Red Hat Bugzilla – Bug 52340
2.4.7-2enterprise kernel crippled under heavy I/O
Last modified: 2007-04-18 12:36:13 EDT
From Bugzilla Helper:
User-Agent: Mozilla/5.0 (Windows; U; Windows NT 5.0; en-US; rv:0.9.3)
Description of problem:
machine: Compaq Proliant DL360 w/4GB mem, dual 36GB SCSI drives
RedHat 7.1 + errata updates, kernel-enterprise-2.4.7-2.i686.rpm from
Under heavy I/O (Apache and a custom C++ module which do lots of mmap and
munmap calls over large data sets - 7GB total), the machine slows to a
crawl. The problem persists even after live traffic to the machine ceases.
A top listing shows both cpu's at 100% system. Any commands (ps, uname,
whatever) take minutes to return results.
The same setup on RH 6.2 with 2.4.3-ac3 works fine. Please let me know
what information may be useful to debugging this problem (no oops yet), and
other kernels to try; I'm looking at 2.4.8-ac9 right now.

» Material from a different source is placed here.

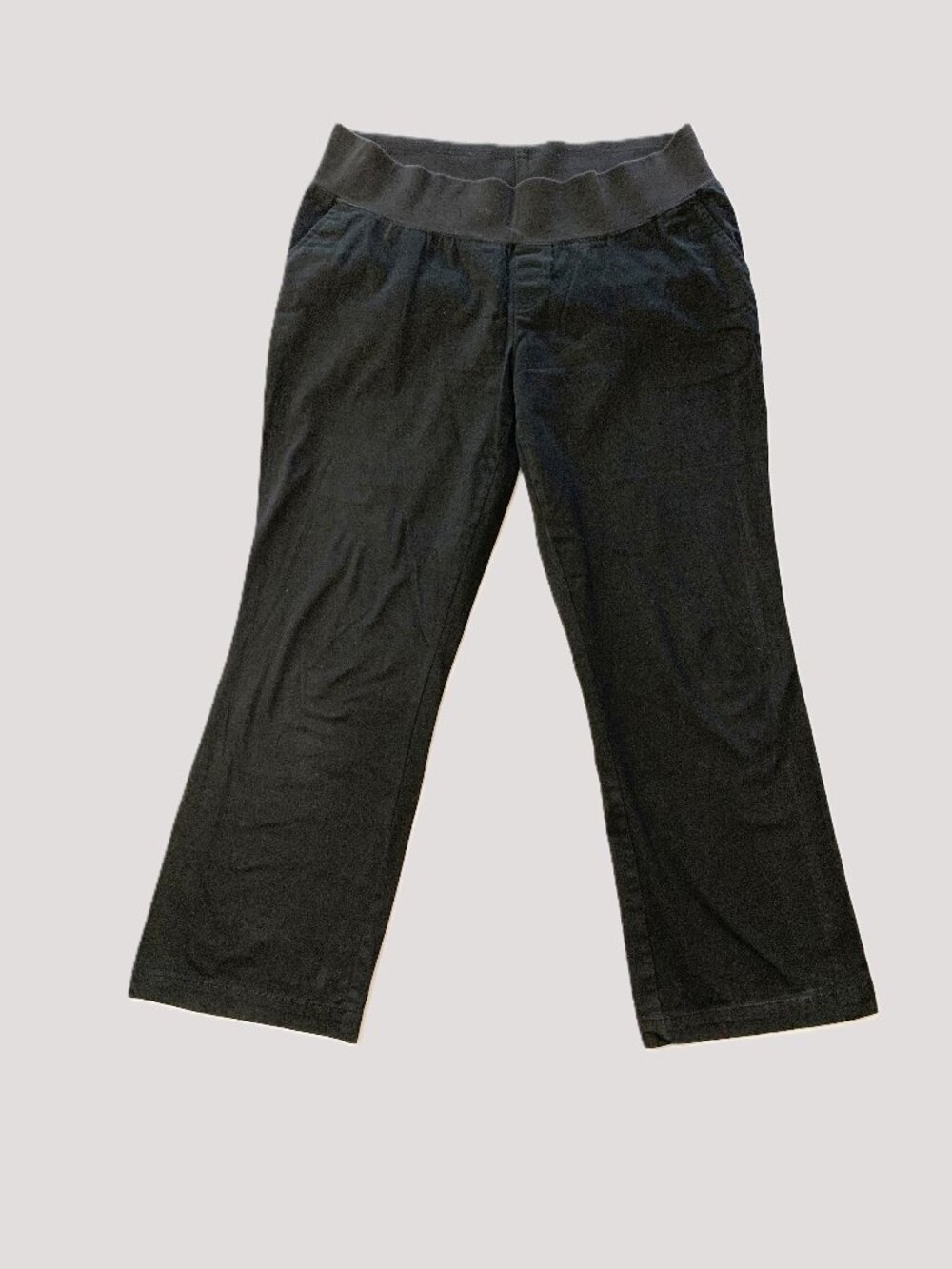DUO Maternity Black Pants Elastic Waistband Side Pockets Straight Leg Size L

Version-Release number of selected component (if applicable):
Steps to Reproduce:
1. Load large data sets into memory
2. Query against those sets
3. Watch it suffocate after a few minutes
more on how to reproduce:
probably the best way to reproduce the environment would be to write a
C++ class that has a method on it that goes and maps a file, touches
all the memory in that file, and then returns. add another method
that takes a number and returns that same number. then run that code
through swig and write a mod_perl interface to call the first method
then call the second method in a loop (10 times should be good), then
storable::freeze an array of results and print it to stdout.
this ought to emulate the kinds of things we do there. you might
actually have that method take a number and return a string (literal)

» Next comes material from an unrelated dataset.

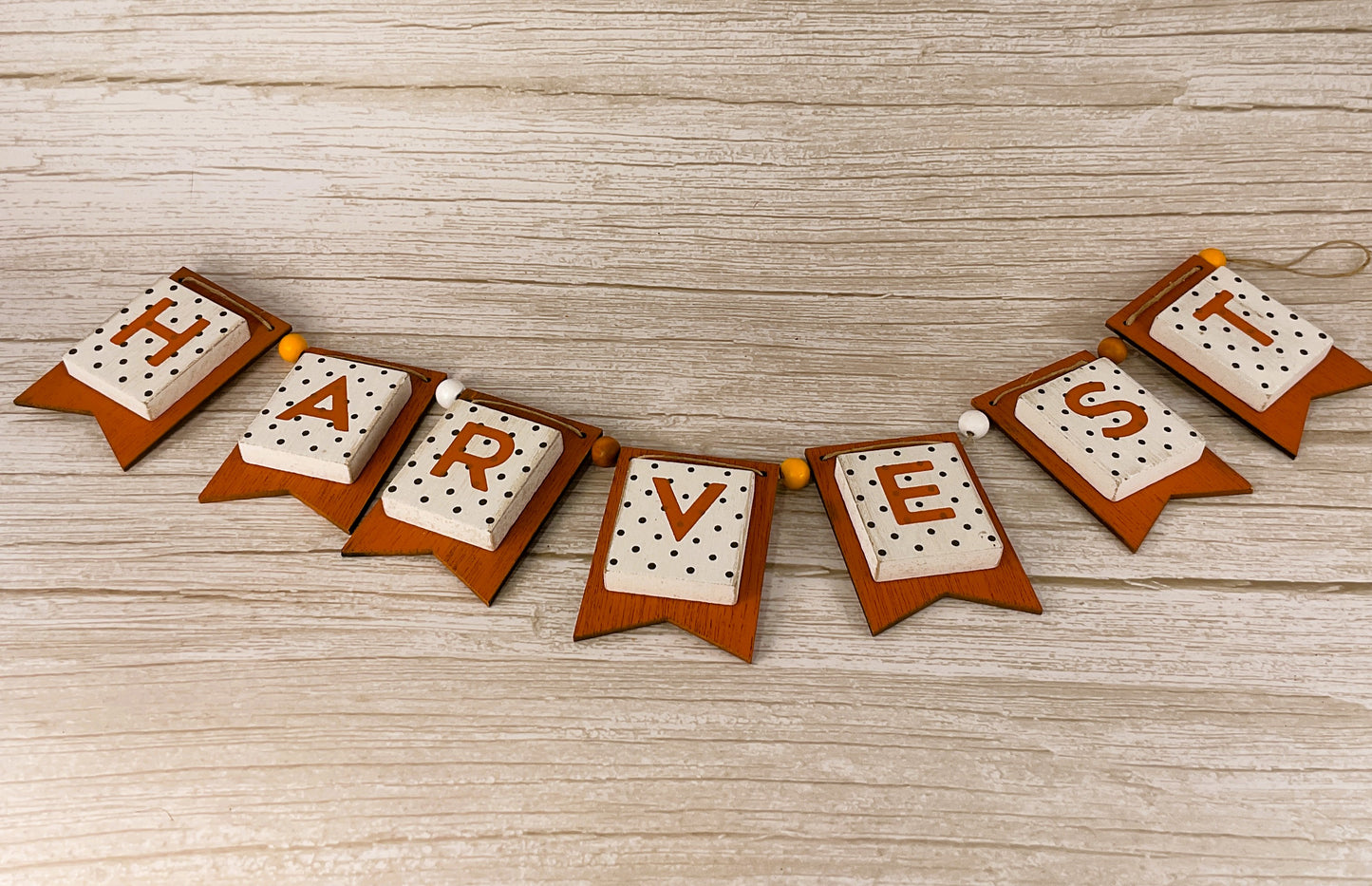 AGD Fall Decor - SMALL Harvest Wood Tile Banner Garland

instead of a number, just to exercise swig a little more.
Note that the file must be large; maybe 50% greater than physical RAM.
I am seeing this situation as well. I see that the following processes take a
lot of cpu time:
We (Red Hat) should try to fix this before next release.
With 4GB of memory, you might compare with the SMP kernel; Compaq machines
with 4GB tend to use the enterprise kernel because they have memory holes
that create addresses over the 4GB mark that are therefore unaddressable
without the enterprise kernel, but there's enough overhead from the PAE
support (3-level page tables) that you might find it faster to loose the
128MB of memory (I think that's the normal hole size) and use the smp
Could you please "cat /proc/<pid>/maps | wc -l" for the processes doing
the mmap/munmap and post the results?
A vanilla 2.4.8-ac9 (w/o PAE enabled) seems to handle this load effectively.
We can provide a 10-second output of 'strace -tt'; would this help? The output
would be substantial, however.
I think I've solved half the mystory, and improved the other half a bit ;)
Are you using a aic7xxx scsi card for the disks ?
The DL360 has the Compaq 'Integrated Smart Array Controller' which uses the
I have tested the latest 2.4.7-2.9enterprise kernel after fixing my scsi
errors. Works better, however the box still seems to get slow under high disk
loads. Running an iozone in one console will make spawning of new processes
extremely lagged. the 'w' command will hang for about 2-3 minutes. Logins as
well. Already running processes(top, vmstat in my case) will continue to run
Box has 8GB of RAM.
With thw 2.4.7-2.12enterprise kernel, the pauses are less random. It seems that
while the iozone process is writing, reads are delayed. A good example is
the 'w' command. I ran this prior to starting iozone. After iozone was
started, 'w' still ran well. However, if I tried executing 'who' or 'last',
there was a 30-60 second delay. After it did run, these commands executed
normally from then on. This will happen with any command that has not been
executed prior to the write phase.
This read/write thing involves tradeoff between latency and throughput.
In this case we favor throughput; favoring latency can cause thrashing
and not help latency as much as you might expect.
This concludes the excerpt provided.